**LISTED ENTRIES:**
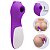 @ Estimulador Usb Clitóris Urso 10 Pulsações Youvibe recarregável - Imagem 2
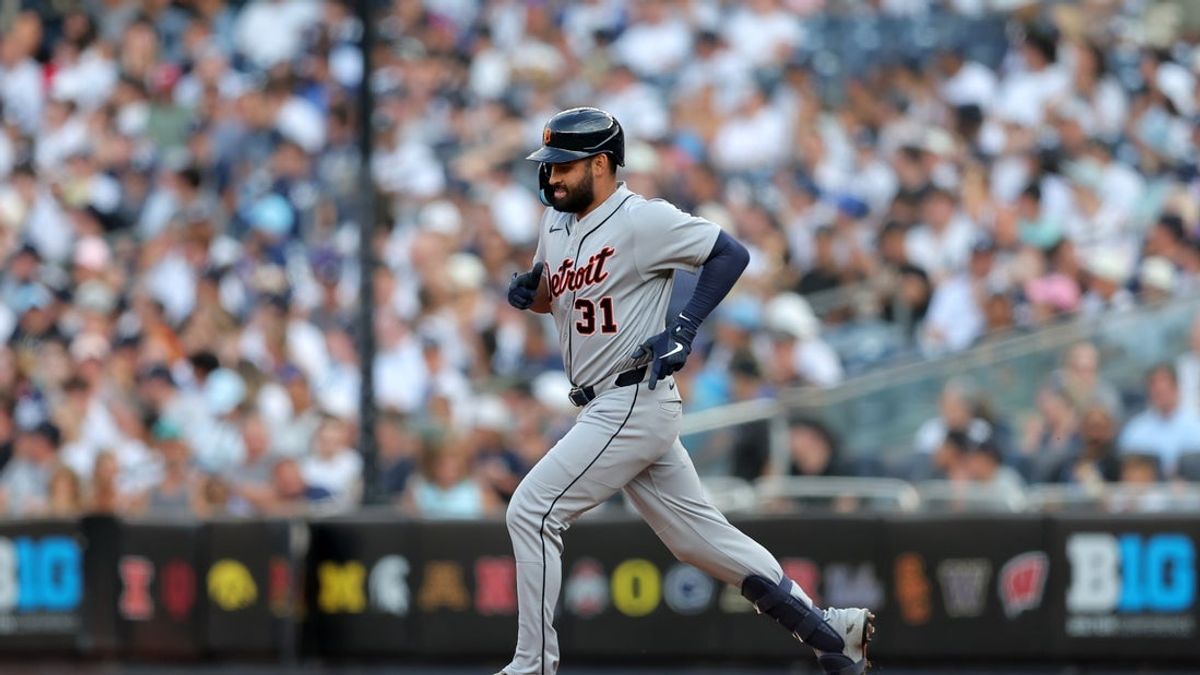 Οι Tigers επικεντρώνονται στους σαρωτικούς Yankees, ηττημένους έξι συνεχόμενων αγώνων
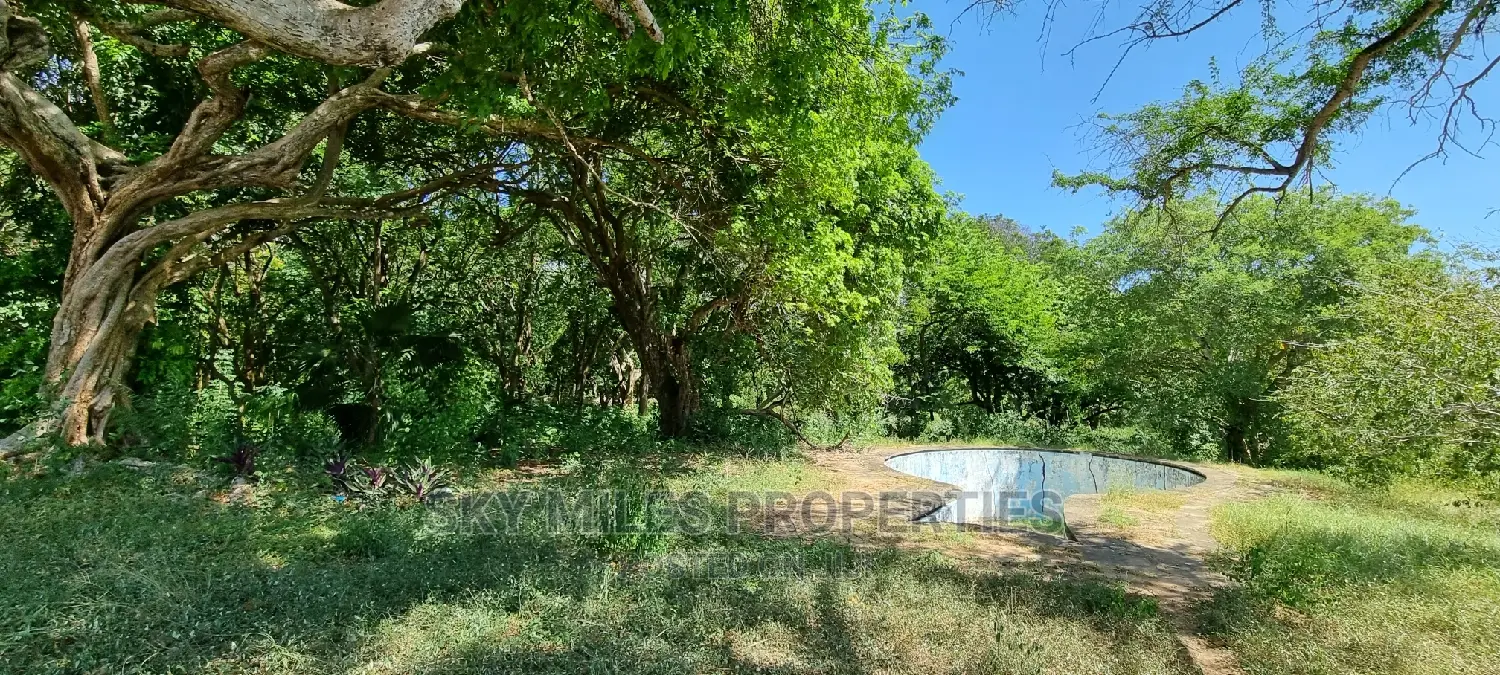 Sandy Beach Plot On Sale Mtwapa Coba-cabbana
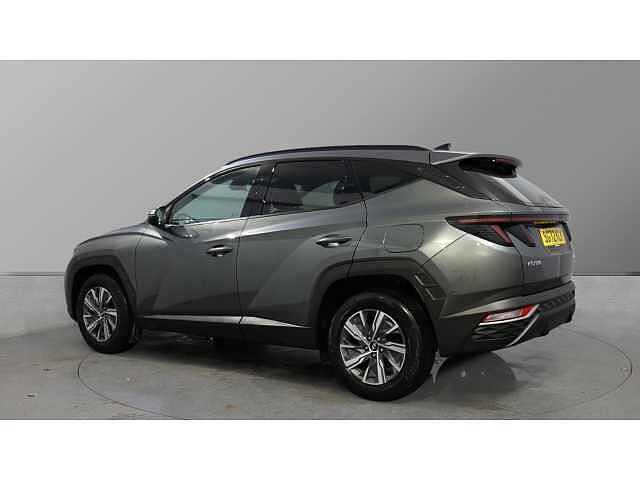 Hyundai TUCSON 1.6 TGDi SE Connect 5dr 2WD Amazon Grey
==
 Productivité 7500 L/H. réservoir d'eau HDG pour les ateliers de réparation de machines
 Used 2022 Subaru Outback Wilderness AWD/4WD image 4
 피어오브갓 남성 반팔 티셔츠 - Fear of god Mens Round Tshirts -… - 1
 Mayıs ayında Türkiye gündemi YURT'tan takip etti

**AIM OF THE EXERCISE:** The material above holds pictures; leave them out and set down exactly the lines from the line with "recarregável - Imagem 2" to the line with "Hyundai TUCSON 1.6", both included.

**REPLY TO THE EXERCISE:**
 @ Estimulador Usb Clitóris Urso 10 Pulsações Youvibe recarregável - Imagem 2
 Οι Tigers επικεντρώνονται στους σαρωτικούς Yankees, ηττημένους έξι συνεχόμενων αγώνων
 Sandy Beach Plot On Sale Mtwapa Coba-cabbana
 Hyundai TUCSON 1.6 TGDi SE Connect 5dr 2WD Amazon Grey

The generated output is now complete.